Fronteras: New Report Investigates Factors That Encourage Latinos Engagement
Latinos are in a particular spotlight for the upcoming November general election. They’ve been touted as the “sleeping giant” that could make or break a critical race, but researchers found the perspectives of this voting demographic is as diverse as the people that comprise it.
The Texas Organizing Project Education Fund — in partnership with the strategic and creative consultancy firm Culture Concepts — commissioned a nonpartisan study to examine Latino voting attitudes.
Latinos make up 30% of the Texas electorate, and for the first time this year, they’re projected to become the second largest share of eligible voters in the country, after white people.

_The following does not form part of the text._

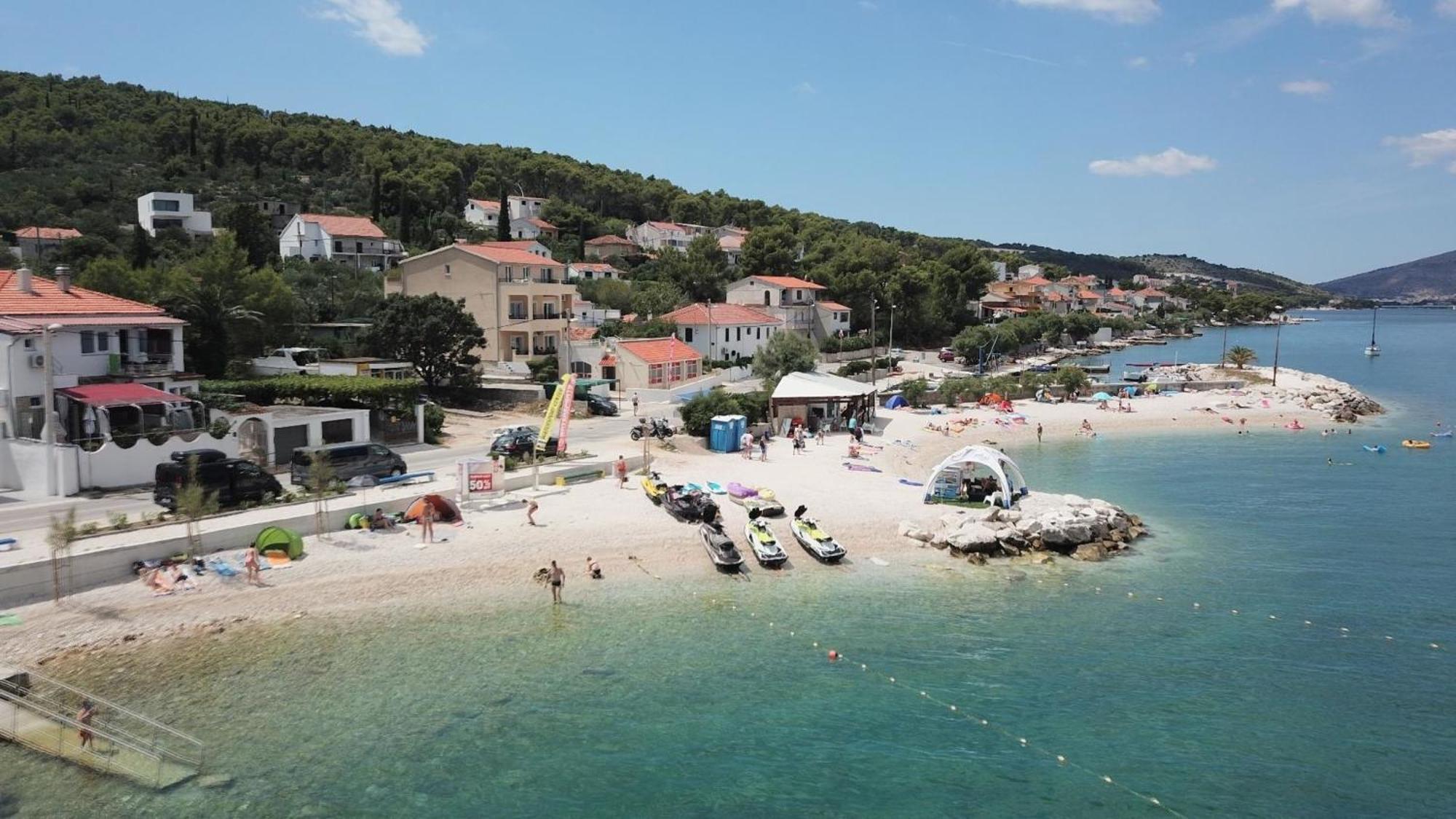 Helles Studioappartement Mit Grossem Balkon Trogir Exterior photo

The report, “Real Talk: Understanding Texas Latino Voters Through Meaningful Conversation,” was intended to investigate what factors generate a Latino voter, Michelle Tremillo — executive director of TOP — explained. She added researchers are hopeful the report will also serve as a tool to help accelerate the growth of Latino participation.

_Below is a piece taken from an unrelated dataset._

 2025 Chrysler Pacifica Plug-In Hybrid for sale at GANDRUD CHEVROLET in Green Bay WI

“Latino voting has been steadily increasing, at least since 2008,” Tremillo said. “I think what's really critical for us with this study is that it demonstrates that Latinos, like all voters, want a reciprocal engagement.”
The study discovered Latinos who vote feel empowered and invested in the political system and have a sense of belonging on personal and social levels. Contrarily, Latino nonvoters question whether their vote actually matters and feel those in elected positions don’t take their experiences or perspectives into consideration. One driving force behind these two different attitudes comes down to social habits, said Cecilia Ballí, founder and principal of Culture Concepts, and co-author of the study.
“What happens is if you have a family for generations living a similar experience of not voting and also of experiencing other forms of disempowerment — socio-economic disempowerment — that habit of not voting becomes more entrenched,” Ballí explained. “And so it can be tougher to convince a third or fourth generation Latino who has never seen their family members vote and has not experienced a lot of economic mobility in their family, for instance.”
The report’s authors argue as the Latino population grows in Texas and across the country, it’s critical that voter turnout simultaneously increases.